Not only so.  We really want to isolate all memory implementation issues to
some clearly-separated level, and I don't think an advanced GC is one of the
first things to worry about.  As Christian pointed out, a first possible
implementation will just stuff tons of INCREF/DECREF everywhere.  When this
works we can think about being more subtle by optimizing the
memory-implementation-level.

> > One of PyPy's intentions is to get stuff like that
> > onto another level of abstraction. A function with
> > a parameter should not need to spell an extra reference
> > to the parameter, but it should tell the RTL that it need
> > this parameter to stay alive while it needs it.
> > This might have the same implementation, but is very
> > different from an algorithmic view.
> 
> Hmm, this i don't understand.  It sounds much like current
> INCREF/DECREF which means exactly this: "i want to use
> this object"/"i don't want to use it anymore".
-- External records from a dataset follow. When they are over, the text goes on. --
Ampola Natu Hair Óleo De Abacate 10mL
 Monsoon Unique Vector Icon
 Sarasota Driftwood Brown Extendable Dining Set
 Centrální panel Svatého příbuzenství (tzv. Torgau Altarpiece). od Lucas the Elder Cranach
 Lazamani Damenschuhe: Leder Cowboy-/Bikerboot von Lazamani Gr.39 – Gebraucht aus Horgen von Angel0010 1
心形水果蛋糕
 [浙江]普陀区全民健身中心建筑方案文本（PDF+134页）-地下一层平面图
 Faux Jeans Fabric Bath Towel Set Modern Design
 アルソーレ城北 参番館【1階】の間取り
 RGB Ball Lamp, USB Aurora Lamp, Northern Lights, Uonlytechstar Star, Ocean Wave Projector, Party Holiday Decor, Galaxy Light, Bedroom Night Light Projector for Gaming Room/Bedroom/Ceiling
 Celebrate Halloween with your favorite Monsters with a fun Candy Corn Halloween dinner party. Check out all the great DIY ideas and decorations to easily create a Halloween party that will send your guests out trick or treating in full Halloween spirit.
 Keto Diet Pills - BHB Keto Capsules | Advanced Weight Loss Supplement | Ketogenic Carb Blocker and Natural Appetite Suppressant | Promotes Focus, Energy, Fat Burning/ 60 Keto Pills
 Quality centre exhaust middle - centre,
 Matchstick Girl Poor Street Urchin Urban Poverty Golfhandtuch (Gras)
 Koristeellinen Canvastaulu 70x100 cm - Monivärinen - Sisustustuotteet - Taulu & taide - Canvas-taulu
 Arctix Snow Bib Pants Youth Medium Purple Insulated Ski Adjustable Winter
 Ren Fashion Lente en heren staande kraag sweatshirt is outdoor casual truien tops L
Yes, but the calls to Py_INCREF() and Py_DECREF() have to be algorithmically
present in the C code.  It works well if you need an object for some precise
range of lines in your C function, but it is not so fine with respect to
anything else.  Take parameter passing: the Python C API doc states for each
function if the function returns a new ref or not, and if arguments are
decref'ed or not.  This should be formally declared.  We have the same problem
for containers: any object holding pointers to other objects -- do they hold a
reference or not?  This is not explicitely told in the declaration of the C
structures.

There are a lot of programming languages which only have a GC and no
refcounts, but I know about one (Mercury) in which the compiler is also able
to track which variables hold uniquely referenced objects and which variables
could hold shared values.  We can even specify that a given function argument
must contain a uniquely referenced object (i.e. an object that no one else can
possibly know about).  This lets the function do mutating operations on
immutable objects (cf. _PyString_Resize()).  BTW in Mercury *all* objects are
immutable, but the language is still efficient because the compiler can often
emit code that mutates them under-the-hood using these techniques.